Le changement de conjoncture a tout de même nécessité quelques ajustements pour cette entreprise basée à Courpière. "La hausse de la concurrence s’est ressentie sur le panier moyen, explique Hugues Selvaggini. Mais la perte se reporte ailleurs : je continue d’avoir de nouveaux clients, bien que cela nécessite d’être plus présent commercialement, de démarcher davantage. Le marché s’émiette et il devient plus compliqué d’aller chercher les débouchés."
Outre la vente directe à la brasserie et les événements festifs, 90 % de ses clients sont des professionnels : cavistes, épiceries, fromageries et surtout restaurants, ce qui a façonné la gamme proposée par L’atelier du Malt. "Je me suis plutôt éloigné du créneau très “craft” avec des bières de style ipa, neipa, sour [types de bières, ndlr]… Leur clientèle est plus infidèle, en recherche de nouveauté, ce qui nécessite beaucoup de R & D [recherche et développement, ndlr], une plus grosse équipe avec des graphistes à temps plein pour les étiquettes. De plus, les boutiques spécialisées en ont déjà des mètres carrés et il est difficile de se démarquer lorsque l’on est mis en concurrence avec des bières du monde entier."

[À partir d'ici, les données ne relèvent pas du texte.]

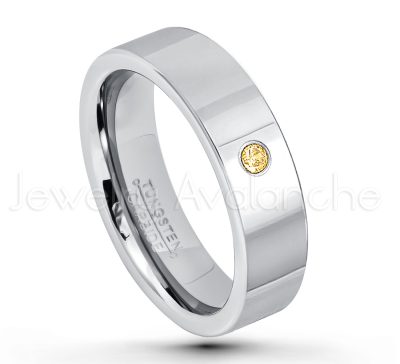 0.21ctw Citrine 3-Stone Tungsten Ring - November Birthstone Ring - 6mm Pipe Cut Tungsten Ring - Comfort Fit Tungsten Carbide Wedding Ring - Polished Finish Tungsten Ring TN020-CN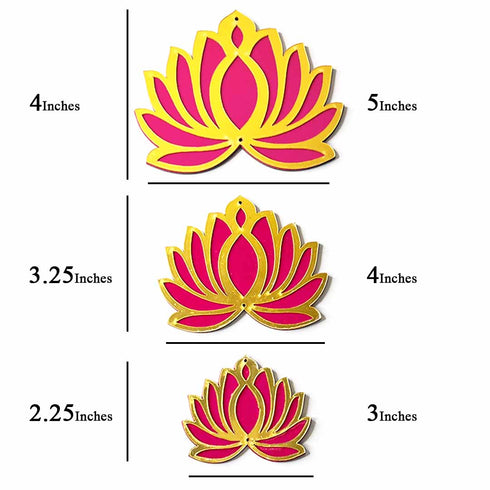 3 Different Sizes Rani Pink Velvet & Golden Acrylic Lotus Set of 18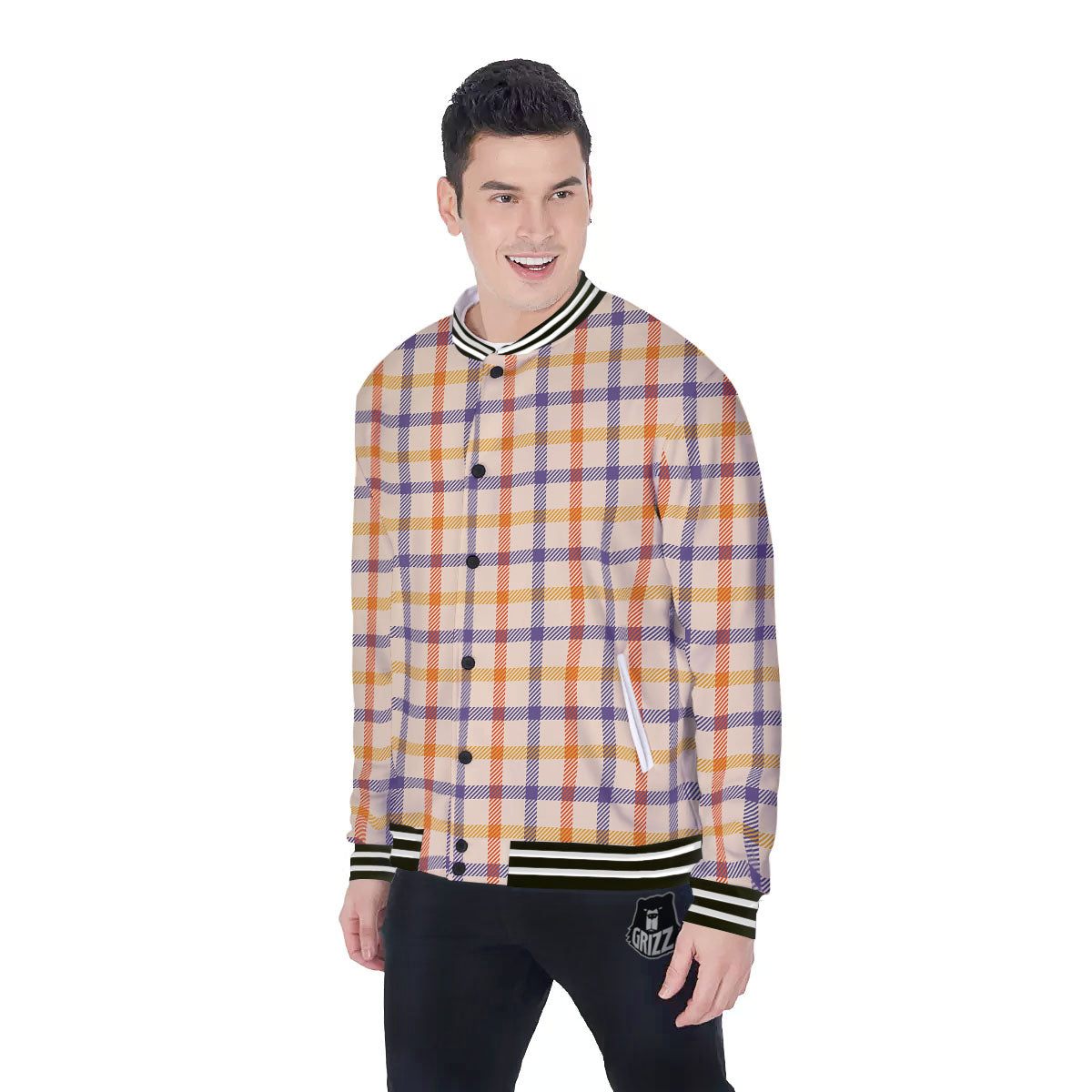 Tattersall Orange And Purple Print Pattern Baseball Jacket-grizzshop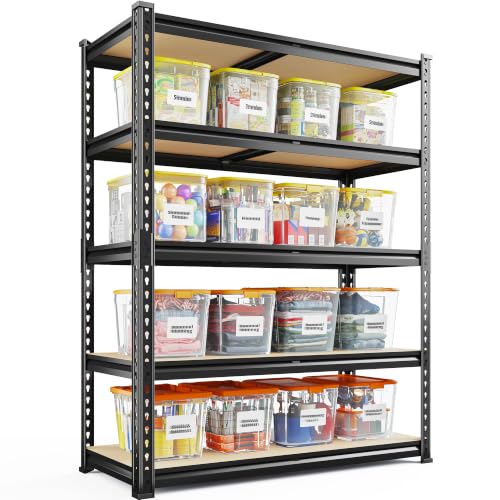 Image of REIBII 2400 Lbs Garage Shelving for Pantry, Adjustable Storage Shelves | 5 Tier Shelf, 5 Reinforcing Ribs, Steel Frame with Powder Coat, Tool-Free Assembly, Freestanding, 35.5 inch W x 72 inch H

Des gammes pérennes, des séries limitéesLes canettes, par exemple, qui ont connu un gros effet de mode dernièrement, sont inaccessibles pour Hugues Selvaggini. "Dans un restaurant, ça ne passe pas du tout." Il propose donc deux gammes. D’un côté, cinq bières permanentes et deux saisonnières. De l’autre, huit ou neuf bières passagères, en série limitée. Certaines sont au safran, en collaboration avec Safran d’Auvergne (Marsac-en-Livradois). D’autres aux myrtilles sauvages récoltées par Menadier et fils (Courpière). D’autres encore au miel récolté par Béatrice Peyrachon, apicultrice à Bort-l’Etang.
"Cela permet de maintenir l’intérêt sur la marque. Mais l’idée est surtout de mettre en avant les producteurs locaux, montrer que l’on est tous imbriqués. C’est plus une aventure humaine qu’économique", explique le brasseur.
Ce dernier se fournit en partie en houblon chez Cours Cocotte, première houblonnière puydomoise. Pour ce qui est du malt, "acheter localement m’obligerait à transposer toutes mes recettes, car le type que j’utilise n’est pas produit ici. Mais je compte bien en acheter à terme, pour amener au moins une touche locale".
Depuis peu, Hugues Selvaggini propose également de réaliser des bières floquées au nom d’une entreprise, comme il l’a déjà fait pour les Haras du Petit Pont à Arlanc ou pour Safran d’Auvergne. "C’est un axe de développement qui, je l’espère, va prendre de l’ampleur", se projette le brasseur.
Optimiste, il compte bien continuer à appliquer la recette qui lui a valu le succès, jusqu’à ce que le marché "se stabilise". Et puis le climat actuel n’est peut-être pas si mauvais pour les brasseurs. "Les mauvaises nouvelles s’accumulent, donc les gens ont besoin d’oublier", plaisante Hugues Selvaggini.